2) Chi fu ucciso nelle foibe?

In gran parte furono italiani delle terre di confine: istriani, dalmati, goriziani, triestini, fiumani. Ma anche sloveni e croati contrari alla politica di Tito. Le cifre le vedremo dopo.

Le vittime delle foibe furono uccise in due momenti diversi:

  • nel settembre-ottobre del ’43 al tempo delle cosiddette “foibe istriane” (subito dopo l’armistizio dell’8 settembre)
  • nel maggio-giugno del 45 quando il Movimento di Liberazione jugoslavo guidato da Tito occupò Trieste e la Venezia Giulia con l’obiettivo di annettere queste terre al neonato Stato jugoslavo

Perché furono uccisi?

Dobbiamo capire la logica seguita da Tito. Occupare stabilmente la Venezia Giulia e annetterla alla Jugoslavia voleva dire mettere nella condizione di non nuocere quella vasta categoria di italiani che mai avrebbe accettato che queste terre divenissero jugoslave.

Quindi finirono nelle foibe:

– i militari delle Repubblica Sociale Italiana di Mussolini

  • poliziotti, carabinieri, guardia di finanza, ossia chi portava le armi
  • esponenti del defunto potere fascista
  • la classe dirigente italiana nelle sue varie articolazioni: giornalisti, insegnanti, sacerdoti, impiegati statali, politici anche democratici
  • dirigenti dei CLN contrari alla annessione alla Jugoslavia

Non tutti furono uccisi nelle foibe. In maggioranza nei campi di concentramento di Tito (es. Borovnica in Slovenia).

Furono uccisi non perché italiani ma perché “volevano l’Italia” (Raoul Pupo).

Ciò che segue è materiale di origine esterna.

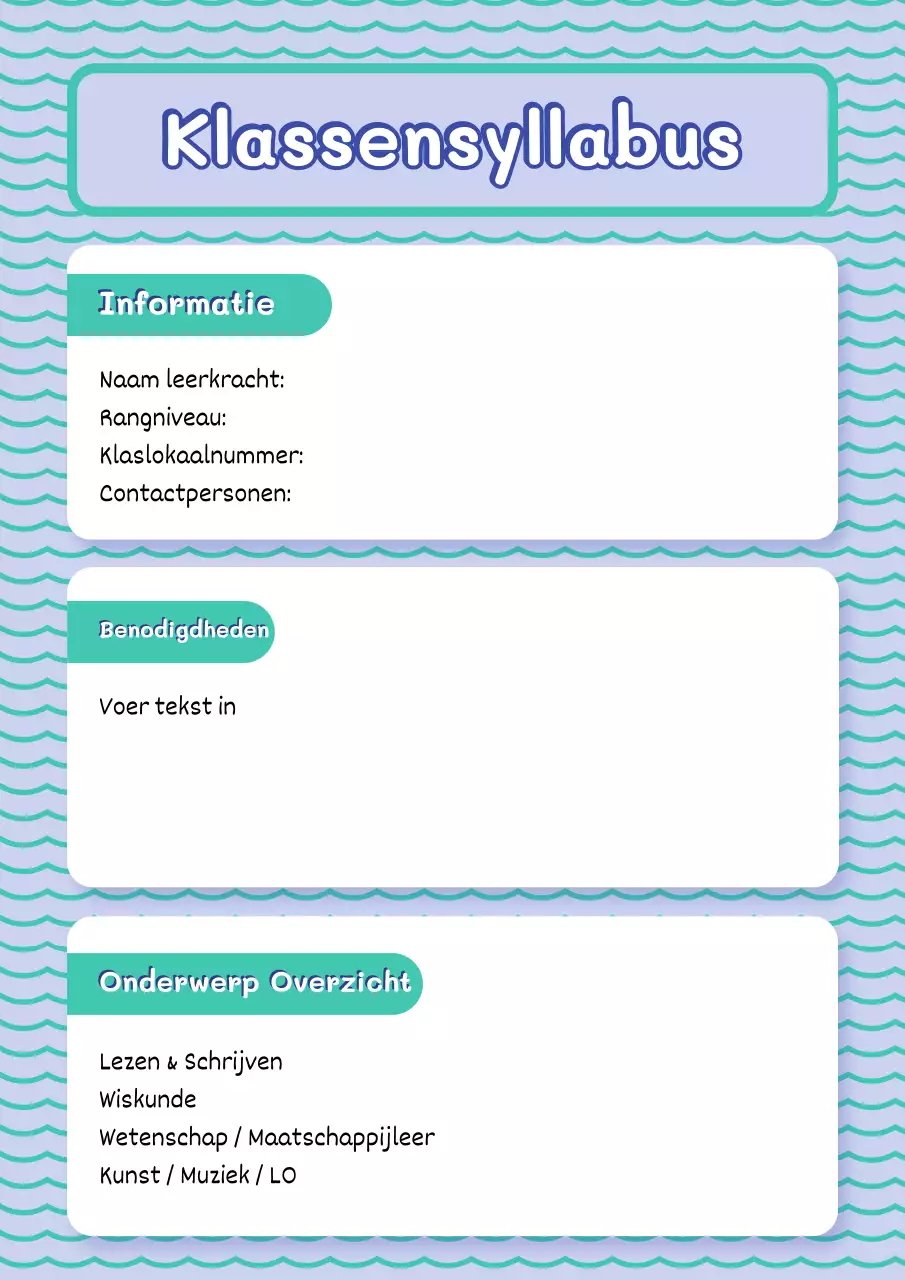 Blauwe minimale klassengidsposter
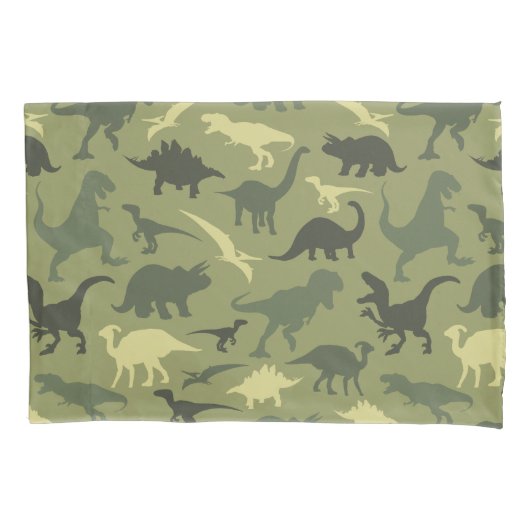 Dinosauruspatroon, dinosaurussilhouet, groene dino kussensloop (Voorkant)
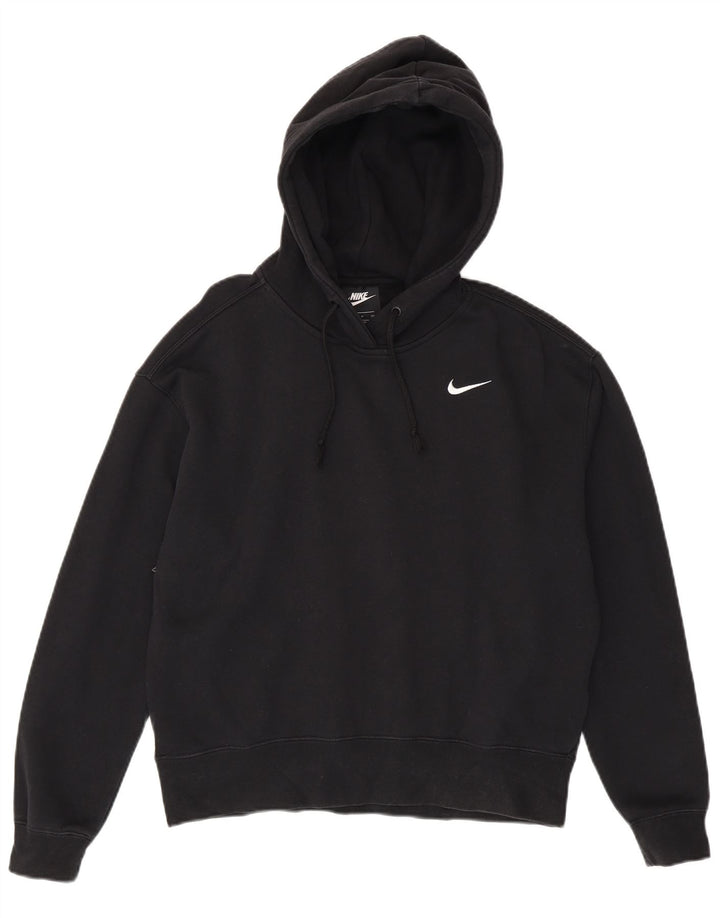 NIKE Pull à capuche surdimensionné pour femme UK 10 Petit coton noir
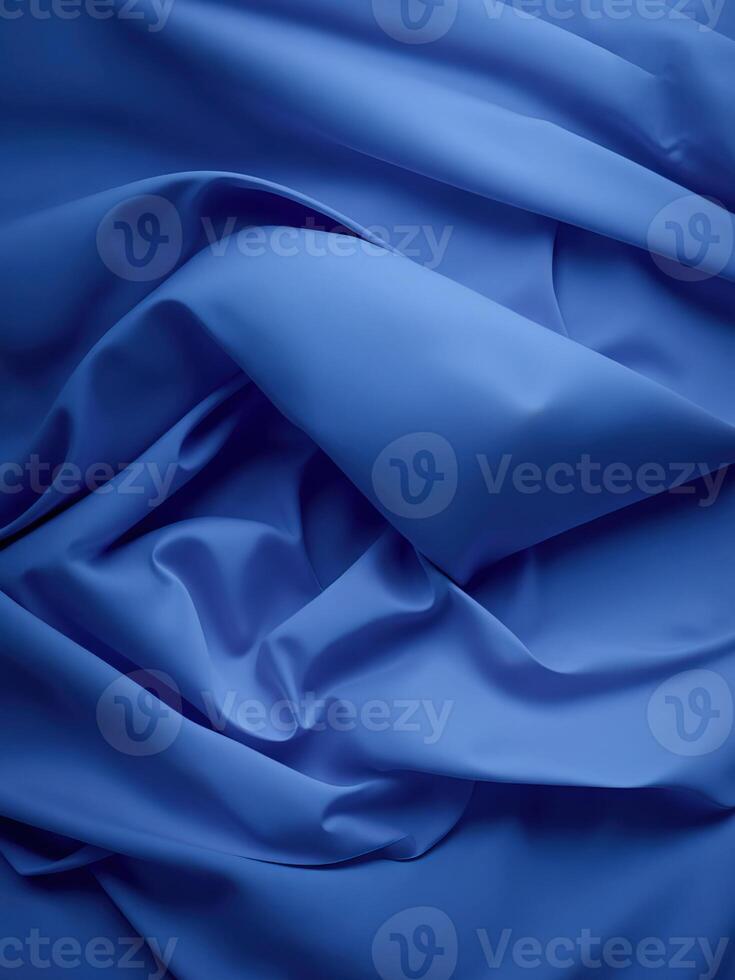 A blue fabric with folds and folds photo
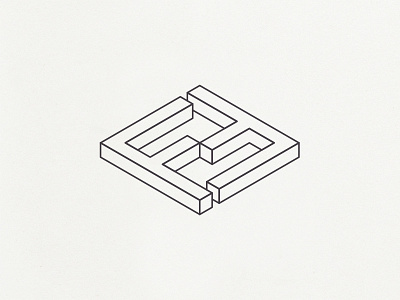 F F Monogram f isometric letter monogram type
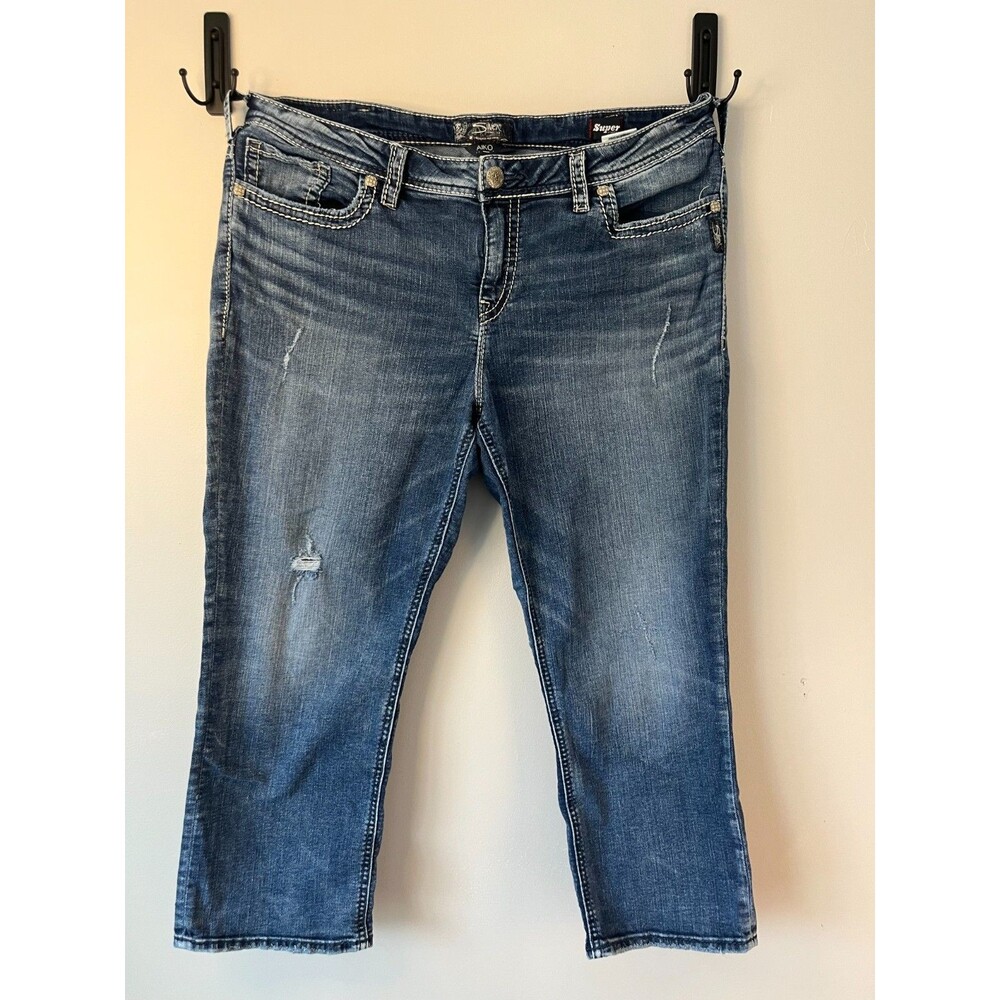 Silver Jeans Co. Aiko Super Stretch Mid Rise Capri Women’s Size 18 L22 Dark/Medi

La differenza è importante.

“I volonterosi carnefici” di Tito erano espressione di una “violenza politica” funzionale al progetto di totale controllo del territorio.

In sostanza Tito porta avanti un pianificato progetto di annessione nazionalistica dei territori della Venezia Giulia e per questo mette a tacere tutti coloro che sicuramente prima o poi si sarebbero opposti all’idea di fare Trieste città jugoslava.

3) Quali sono i numeri delle foibe e dell’esodo?

Sui numeri si è sempre esercitata una vera e propria guerra.

– si va dai negazionisti che quantificano le vittime delle foibe in poche centinaia di fascisti (!)

  • le forze politiche di destra al contrario parlano di decine di migliaia di vittime (30.000 o oltre)
  • Da qui l’uso di espressioni assolutamente fuori luogo quali “genocidio degli italiani”, “olocausto italiano”, “pulizia etnica” e simili

In realtà le vittime furono circa 6000-6500:

  • 1200-1500 nelle foibe dell’autunno del ’43 (Istria, Zara, Fiume)
  • 4500-5000 nelle foibe del ’45 (Gorizia, Trieste, Istria)

Le cifre scorporate città per città sono significative:

  • Gorizia 900 vittime
  • Fiume 650 vittime
  • Trieste 1500 vittime
  • Pola 500-600 vittime
  • Istria… non sapremo mai. Era territorio controllato dalle autorità jugoslave le quali non fornirono mai i numeri della repressione

Per quanto riguarda l’esodo non c’è o quasi “guerra dei numeri”:

  • 350.000 secondo le associazioni degli esuli (es. l’associazione “Venezia Giulia e Dalmazia”)
  • 300.000 secondo le ricerche degli storici dell’università di Trieste
  • 200.000 secondo le autorità jugoslave dell’epoca

L’esodo delle popolazioni dell’Alto Adriatico durò dal 1944 al 1956:

Inizia con l’esodo da Zara nel ’44 quando stanno per entrare le truppe di Tito

– Nel ’45 è la volta di Fiume

– Il momento più drammatico è quando avviene l’esodo da Pola (inverno ’46-47) con 28mila partenti su una popolazione di 32mila abitanti.

– L’esodo termina quando anche la zona di Capodistria e Pirano (oggi Slovenia) diventa jugoslava nel 1956 e anche da lì alcune migliaia di italiani scelsero di lasciare le proprie terre ora jugoslave

In Italia furono accolti piuttosto male perché la guerra era finita da poco e l’Italia era distrutta. Ma c’era anche il pregiudizio politico per cui chi lasciava la Jugoslavia di Tito doveva essere per forza un fascista. Inutile dire che non era vero.

Pesò molto la campagna del PCI di Togliatti contro i profughi, che a mano a mano arrivavano in Italia, accusati di essere nazionalisti, fautori del passato regime e gente di malaffare.

Quindi, per concludere, il Giorno del Ricordo non deve essere una semplice ricorrenza nel calendario civile ma un momento in cui ricordiamo tanti italiani (ma anche sloveni e croati) che hanno subito violenze efferate (foibe e lager titini) mentre altri sono stati sradicati dalle loro terre (esodo) senza dimenticare le vittime slovene e croate dell’Italia fascista nel Ventennio.